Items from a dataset

****

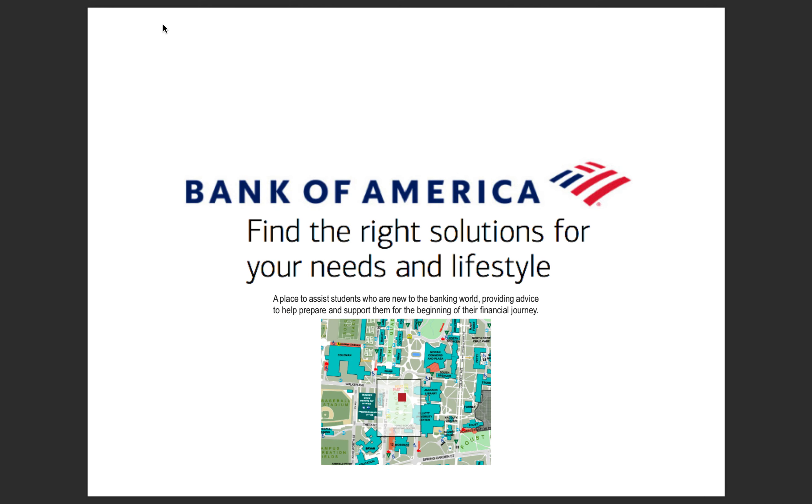Good afternoon. My name is Victoria Buzgis. Today I am presenting the plan of the Bank of America pop-up branch on UNCG's campus. This branch will be located on Kaplan's Commons, west-facing the EUC on UNCG's campus. This space planning is based on Bank of America's core values of making and creating an inclusive bank experience for today's college students.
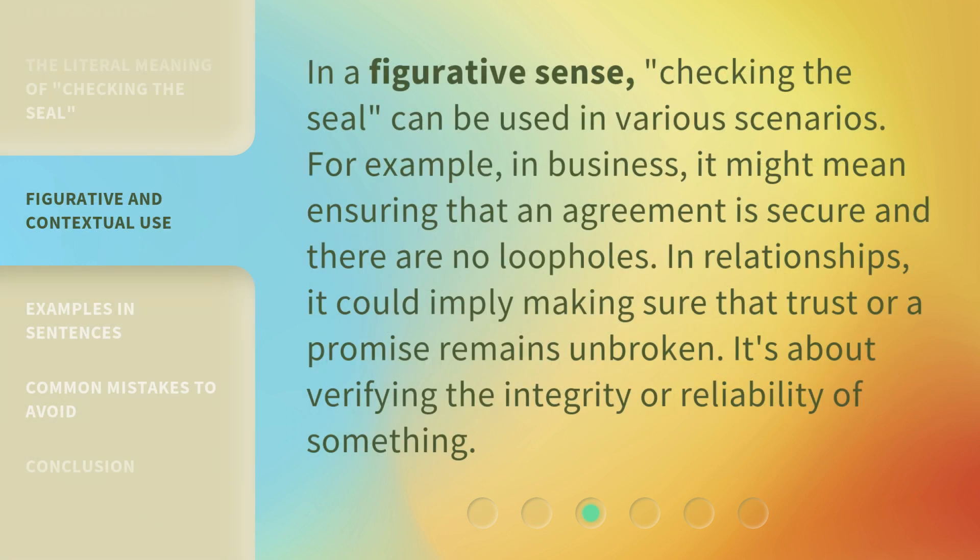In a figurative sense, Checking the Seal can be used in various scenarios. For example, in business, it might mean ensuring that an agreement is secure and there are no loopholes. In relationships, it could imply making sure that trust or a promise remains unbroken. It's about verifying the integrity or reliability of something.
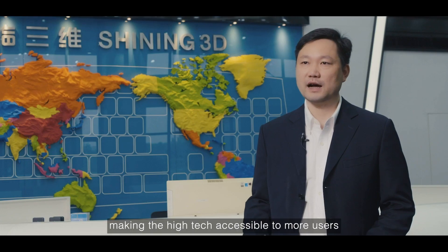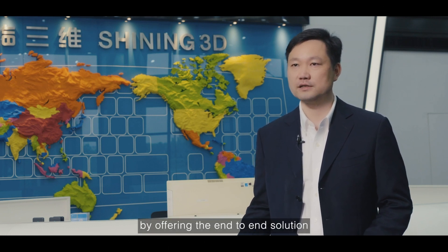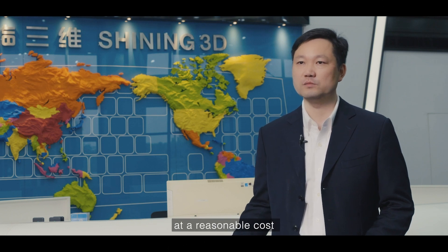Shining 3D focuses on the development of high-quality 3D digital technologies, making high-tech accessible to more users by offering the end-to-end solution at a reasonable cost.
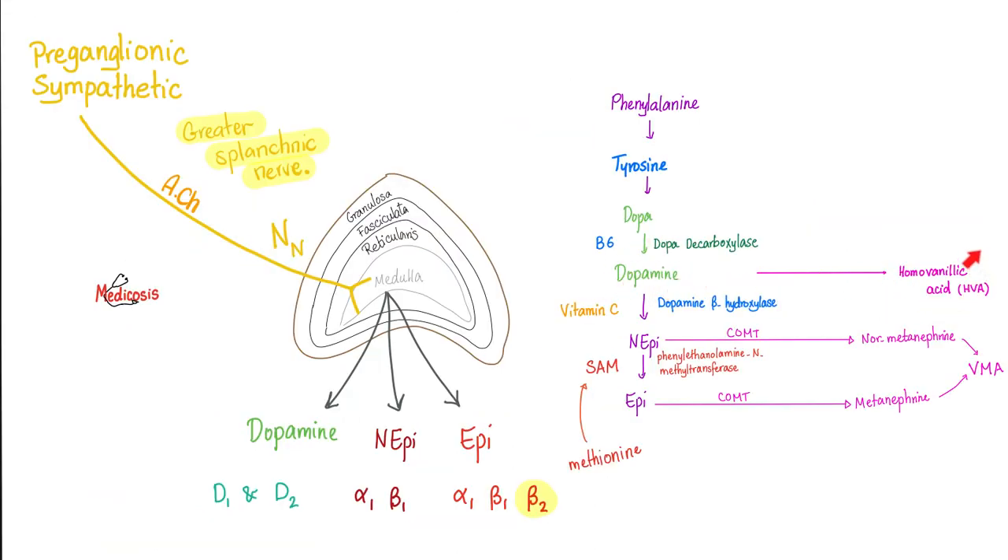Dopamine gets metabolized into HVA, norepinephrine becomes normetanephrine then VMA, and epinephrine becomes metanephrine then VMA. What if there is a deficiency of dopamine beta-hydroxylase? Then you will not have norepinephrine, and everything before it will accumulate — more dopamine means more HVA. One cause of high HVA is congenital dopamine beta-hydroxylase deficiency, or severe scurvy. Make sure vitamin C levels are optimal before taking the lab results.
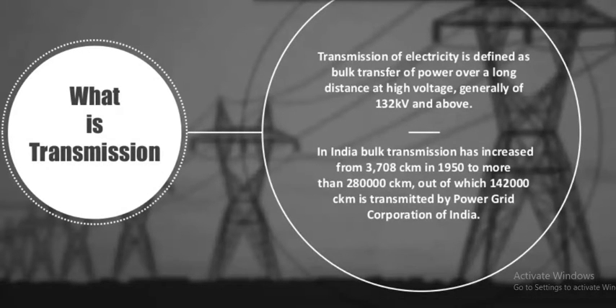Transmission of electricity in India is defined as the bulk transfer of power over a long distance at high voltage, generally above 132 kV. Bulk transmission has increased from 3,000–10,000 circuit kilometres in 1950 to more than 280,000 CKM, of which 142,000 CKM is transmitted by Power Grid Corporation of India.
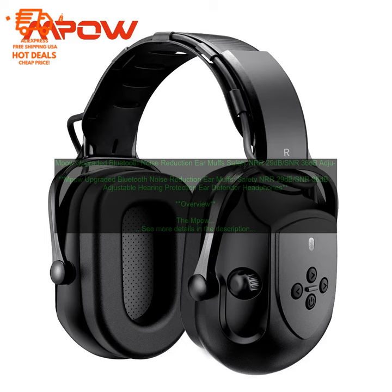Benefits: The MPOW Upgraded Bluetooth Noise Reduction Ear Muffs can block out most loud noises, making them ideal for people who work in noisy environments or who are exposed to loud noises on a regular basis. The earmuffs are adjustable, so you can find the perfect fit for your head. The built-in microphone and Bluetooth connectivity allow you to make phone calls and listen to music without having to take the earmuffs off. The earmuffs are comfortable to wear, even for extended periods of time, and are foldable for easy storage.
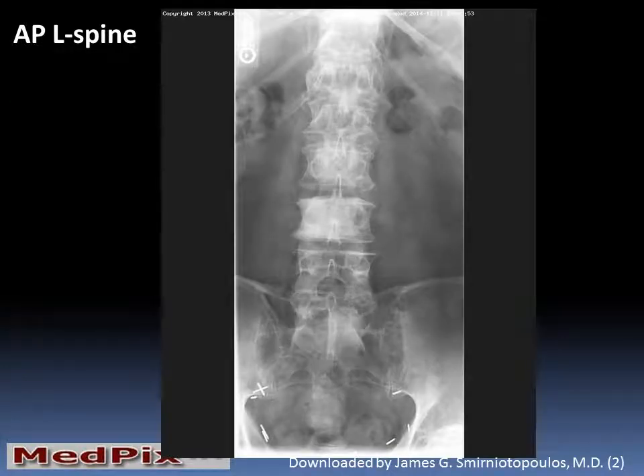In this AP lumbar spine, we see some mild degenerative joint changes, but we also recognize several areas of abnormally increased density, or sclerosis, within multiple lumbar vertebral bodies. We can also see surgical clips in the pelvic brim, consistent with the previous lymph node dissection for the prostatectomy.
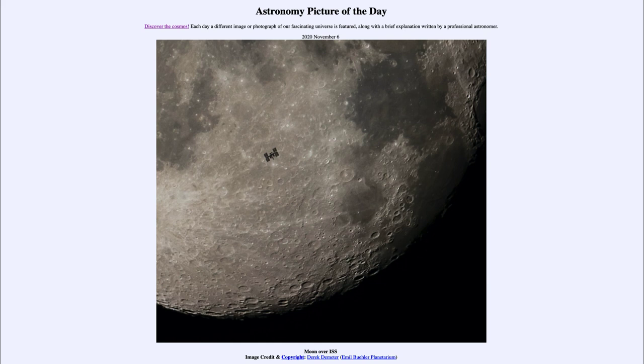That was our picture of the day for November the 6th of 2020, titled Moon over ISS. We'll be back again tomorrow for the next picture. Until then, have a great day everyone, and I will see you in class.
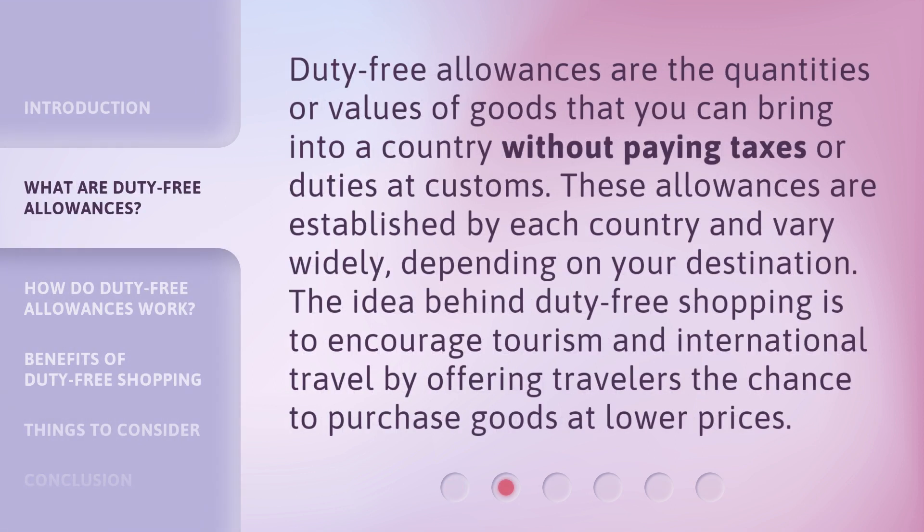Duty-free allowances are the quantities or values of goods that you can bring into a country without paying taxes or duties at customs. These allowances are established by each country and vary widely depending on your destination. The idea behind duty-free shopping is to encourage tourism and international travel by offering travelers the chance to purchase goods at lower prices.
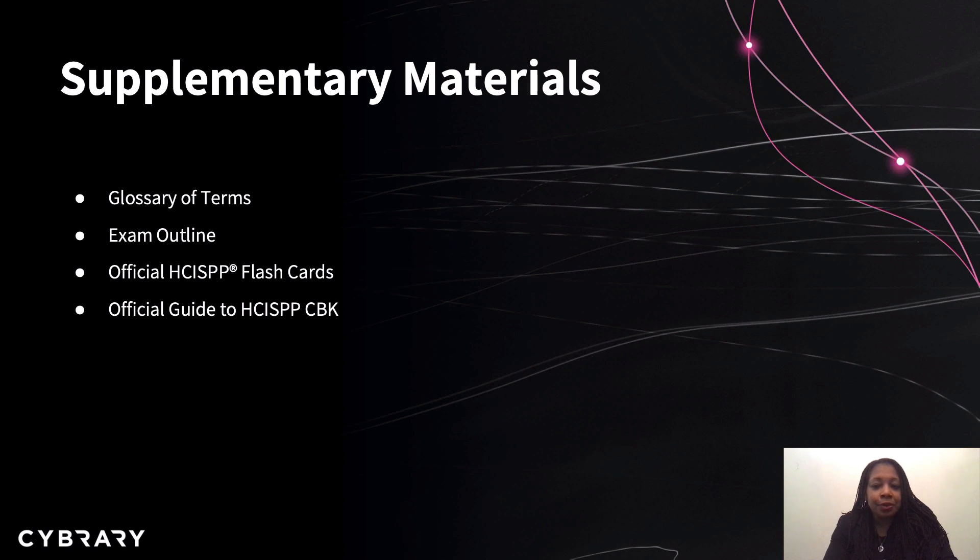Some materials that will support you with your study for the certification along with this course are the glossary of terms, the exam outline, the official HCISPP flashcards, and the official guide to the HCISPP common body of knowledge.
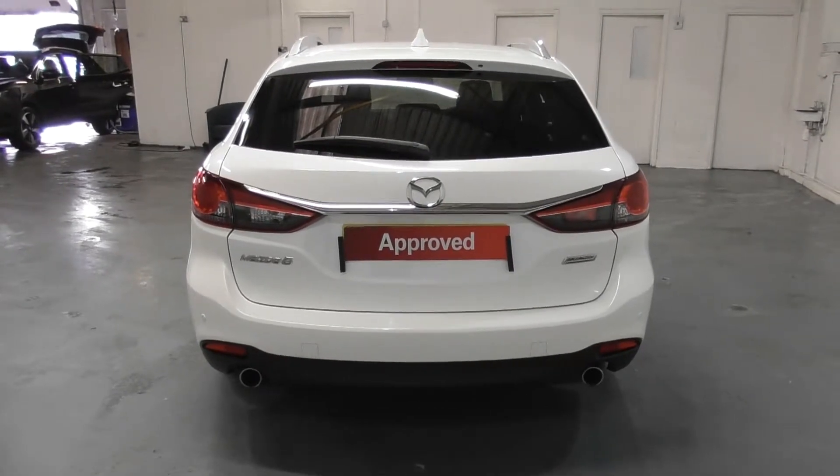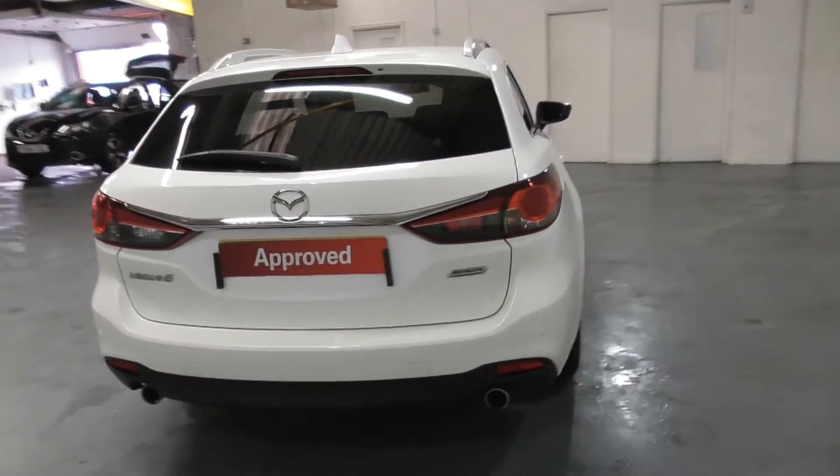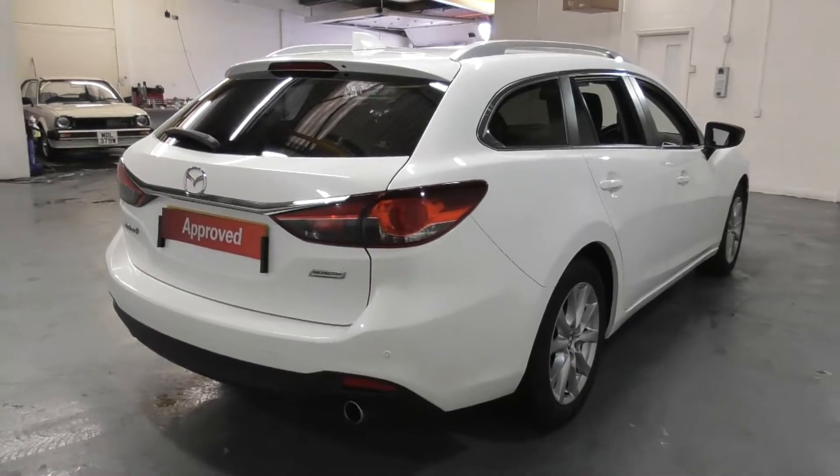You can extend your peace of mind with an additional 12 months guarantee, currently only £299.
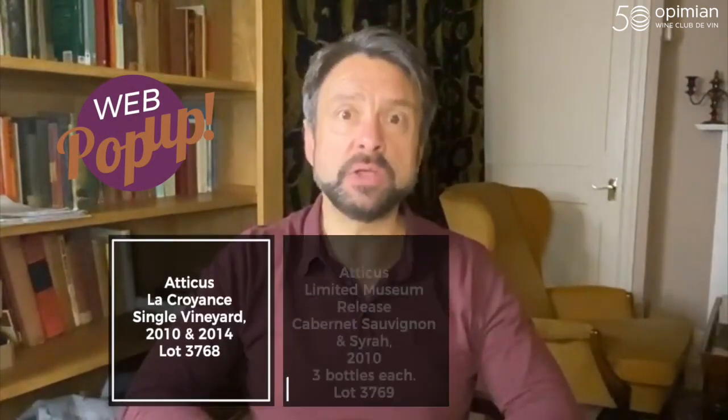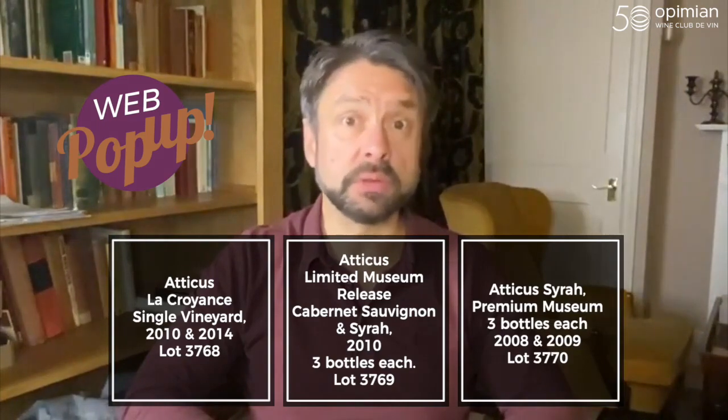The other thing we've got is a bunch of mixed cases which are perfect for giving. These are a blend of different wines and different vintages, and you can find them all in the web pop-up section, but they're beautiful — lovely wines. There's Shiraz, there's Cabernet, all released from Chapman Grove cellars. They come in beautiful wooden boxes, and for sheer quality of drinking, I think the mixed case is absolutely spot on.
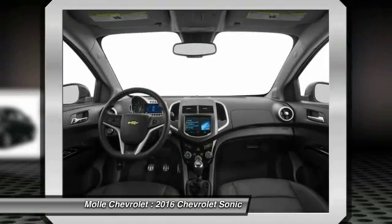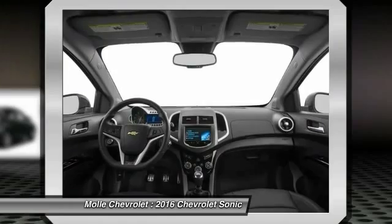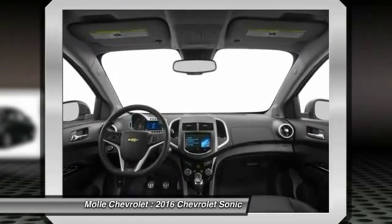This vehicle offers reliability and good looks at a great price. So come in and take a test drive today.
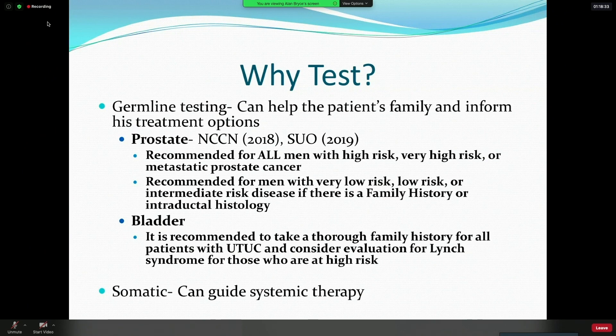For somatic disease, the reason to test is to guide systemic therapy. The era of one-size-fits-all treatment is really passing now, and a targeted therapy biomarker-driven approach is really the standard — and I would expect it to become more and more common as we move forward.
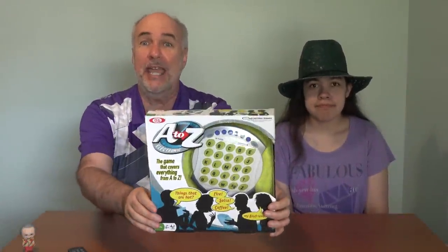Hi, we're Rainy Daydreamers, and we're back with another game review. Today we're checking out A to Z.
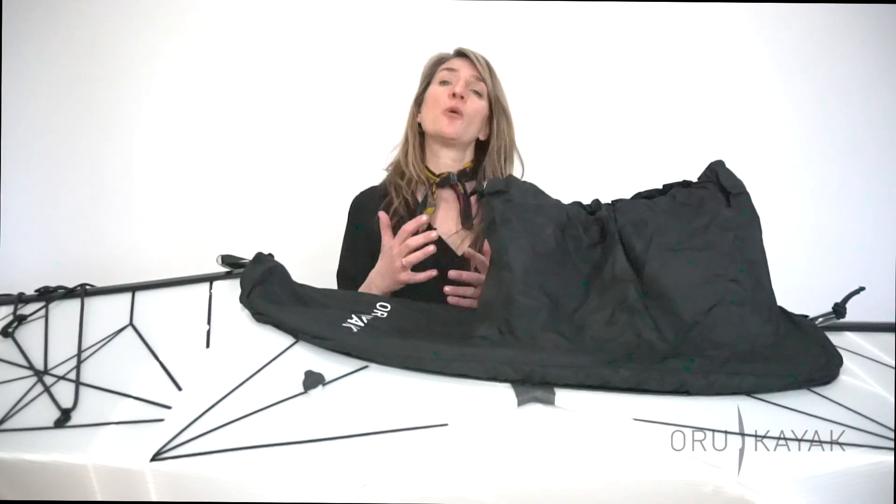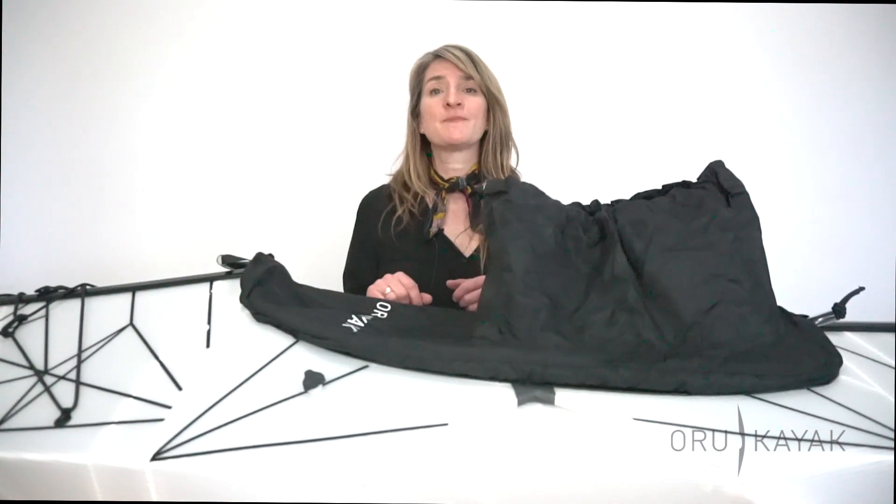If you're looking for something a little more heavy-duty, please check out our original Oro spray skirt. It's made from neoprene and will give you that added protection if you're going out in rougher waters. Thanks for watching, and happy paddling!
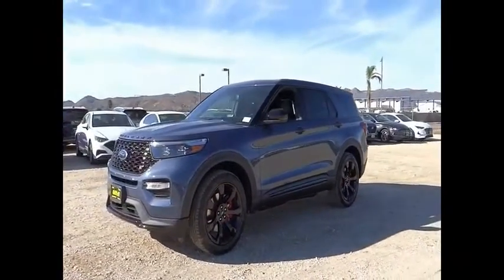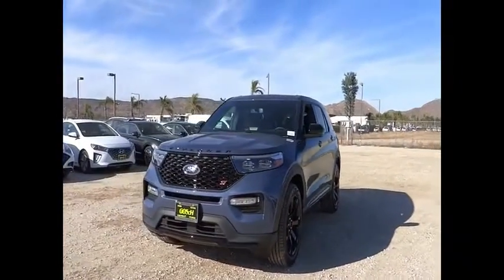If you like it online, you'll love it in your driveway. Take it for a spin today.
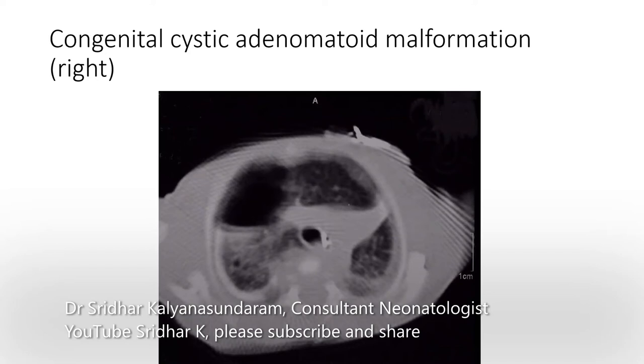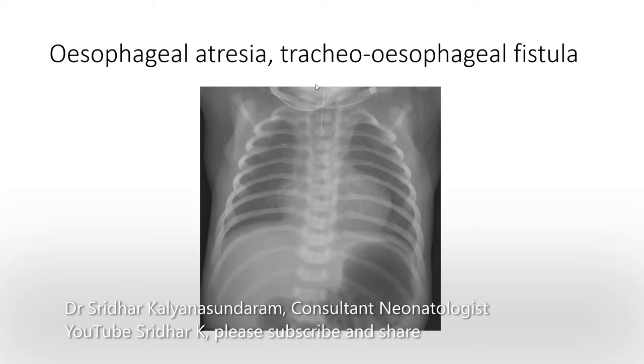Esophageal atresia and tracheoesophageal fistula — you have the feeding tube going in and not coming down into the stomach, so it's curling back up. This is the esophageal atresia, and you can see gas in the intestines, which means that although there is esophageal atresia, gas is reaching the intestines through a fistula connecting the distal pouch with the trachea.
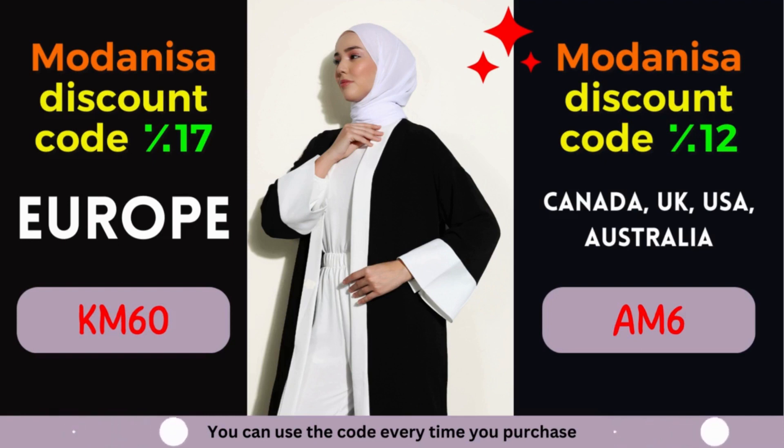Modanisa Coupon: 12% off for Canada, United Kingdom, USA, and Australia. Calling all fashionistas from Canada, United Kingdom, USA, and Australia — prepare to be enthralled by an amazing offer from Modanisa. Enjoy a fantastic discount of 12% on your purchases, allowing you to indulge in the latest fashion trends without compromising your budget.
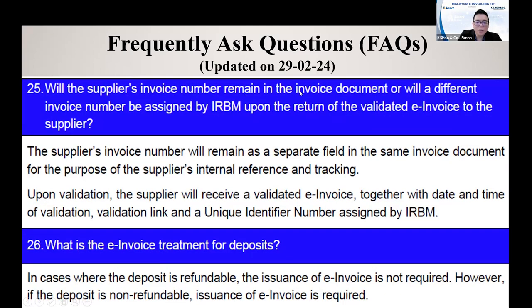Will the supplier's invoice number remain or be replaced with a different invoice number? Your invoice number will remain the same — you can still keep your own invoice number in the E-invoice, because this is your internal reference number. But after validation, Income Tax will assign another number, which we call the Unique Identification Number.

****

» **To do**:
Your task is to reproduce exactly the lines from the start of the data above through the line containing "Shining 3D focuses", leaving every picture out.

» **Written answer**:
Good afternoon. My name is Victoria Buzgis. Today I am presenting the plan of the Bank of America pop-up branch on UNCG's campus. This branch will be located on Kaplan's Commons, west-facing the EUC on UNCG's campus. This space planning is based on Bank of America's core values of making and creating an inclusive bank experience for today's college students.
In a figurative sense, Checking the Seal can be used in various scenarios. For example, in business, it might mean ensuring that an agreement is secure and there are no loopholes. In relationships, it could imply making sure that trust or a promise remains unbroken. It's about verifying the integrity or reliability of something.
Shining 3D focuses on the development of high-quality 3D digital technologies, making high-tech accessible to more users by offering the end-to-end solution at a reasonable cost.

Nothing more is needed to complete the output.